The Secretary of State for Immigration and Emigration also said that the number of new contracts for immigrant workers had gone down considerably too. Last year there were just 20,000 new work contracts for immigrants compared to 180,000 in 2008 and 250,000 in 2007.

As far as illegal immigration is concerned this also went down by more than 50%. Rumi said that there were more than 50% fewer immigrants arriving illegally by boat compared to 2000.

Rumí said that these figures showed that Spain had completed its first migratory cycle and was now in transition towards a second cycle characterized by the reduction in the number of immigrants arriving and the specialization of new workers which would require determined policies of integration.
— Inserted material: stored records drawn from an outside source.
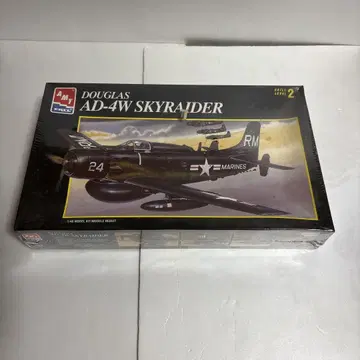 AMT AD-4W SKyraider 1/48 슈링크 미개봉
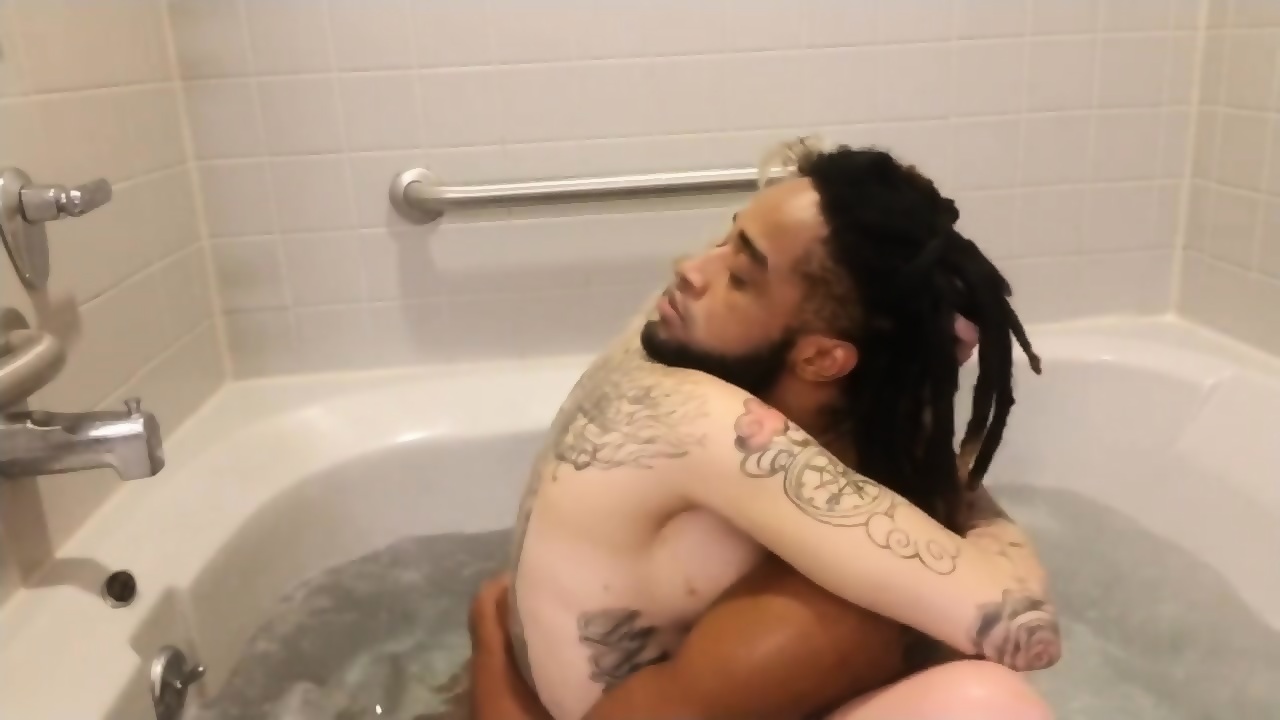 Great interracial sex in bathroom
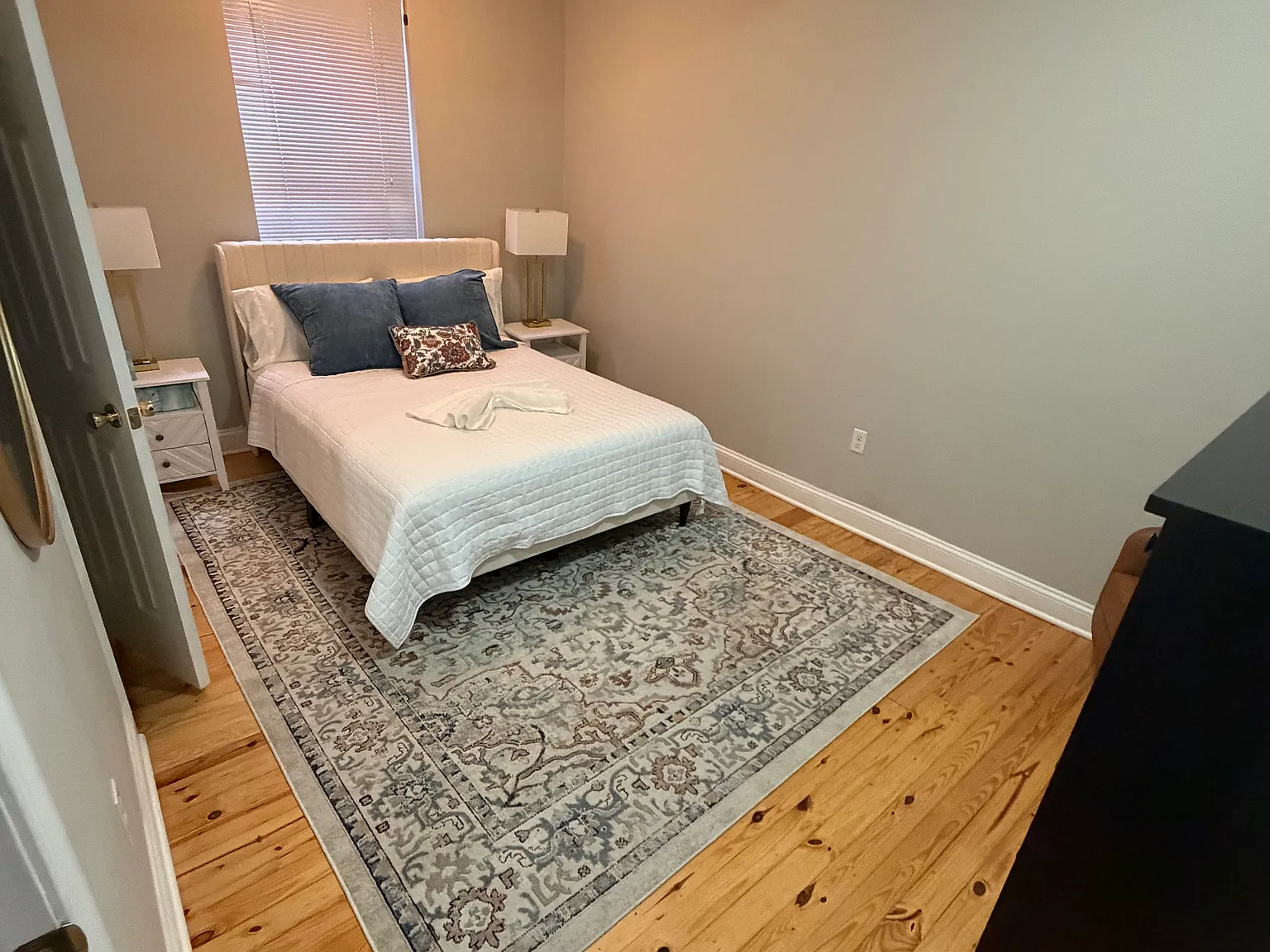 2 bed, $1,950 — Photo 4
Nevertheless, Rumí said that immigrants were still needed in Spain because in her opinion ‘a society which since the seventies decided not to have children or to have a reduced number of children was also deciding that in the future it would need to incorporate a large number of immigrants if it wanted its economy to grow’.
Rumí said that between 2001 and 2005 immigrants occupied 52% of all the jobs created and in 2006 nearly 60% of the 767,000 new jobs would have been left unoccupied without the 450,000 immigrants who came to live and work in Spain that year.

With regards to the current economic crisis the Secretary of State for Immigration and Emigration said that unemployment for immigrants is far higher than the national average. She also went on to say that the labour market for immigrant workers could now be at an end.